Overall, 52 percent of the 25,000 third through eighth and 11th grade San Francisco Unified School District students who participated in the new California Assessment of Student Performance and Progress (CAASPP) last spring met or exceeded standards for English language arts, compared to 44 percent statewide.
Math results were slightly lower, with 48 percent of SFUSD students meeting or exceeding standards compared to 34 percent statewide.
At a news conference at school district offices Wednesday, Superintendent Richard Carranza praised the efforts of educators and students to set benchmark test results that exceeded California’s, and said students benefit from the Common Core education.
“The Common Core standards are really a seismic shift in what our students are supposed to be able to know and do and demonstrate in terms of their knowledge,” Carranza said. “They are much more aligned to a 21st century learning goal and they also prepare our students [for their] college careers and life.”
Carranza noted that despite the district’s overall success with the assessment, black students continued to fall behind their peers. However, he added that San Francisco’s special education students and English language learner students were the highest performing out of the respective groups in the state.
“There are very specific challenges that persist in our data,” Carranza said. “How our students of color are doing, our African American students and our Latino students, continues to be an area of focus for us.”
The new Smarter Balanced Assessment replaced the state’s former STAR testing program as the first-ever method to gauge the impact of the more rigorous Common Core State Standards curriculum, which has been phased into school districts throughout the U.S. since 2010.
The test focuses on critical thinking, problem solving and communication skills. The assessment also marked the first statewide exam that was administered entirely with computers.
Students took practice versions of the test last year, the results of which were not included in their records.

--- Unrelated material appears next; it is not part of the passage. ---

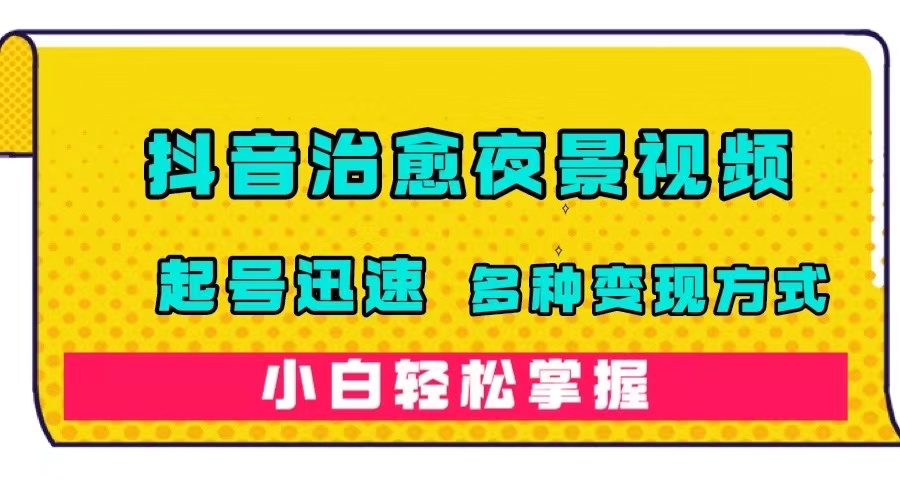 抖音治愈系夜景视频，起号迅速，多种变现方式，小白轻松掌握（附120G素材）-问小徐资源库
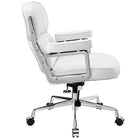 Nicer Furniture - fauteuil de travail exécutif en cuir véritable - blanc-Le coussin d'assise, les coussins de dossier et les accoudoirs sont tous bien rembourrés pour un confort ultime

The new tests are essentially designed to keep students from guessing answers. While the former standardized testing primarily asked multiple-choice questions of students, the new tests sometimes offered two or three possible correct choices. Students were also tasked with creating a constructed response in which they defended their answer.
SFUSD implemented its Common Core curriculum in math classes in the 2014-15 school year, and English language arts in the previous school year. School leaders are preparing science standards with the rollout for that curriculum anticipated in the coming school years.
Board of Education Commissioner Jill Wynns emphasized that because of the types of questions asked in the new exam, the results of the Smarter Balanced assessment cannot be measured against the previous STAR testing.
“This absolutely cannot be compared at all to what we had before,” Wynns said. “We have to understand that it’s not the same tests.”
There is no state funding tied to the test results, which are used solely to measure the success of the Common Core State Standards.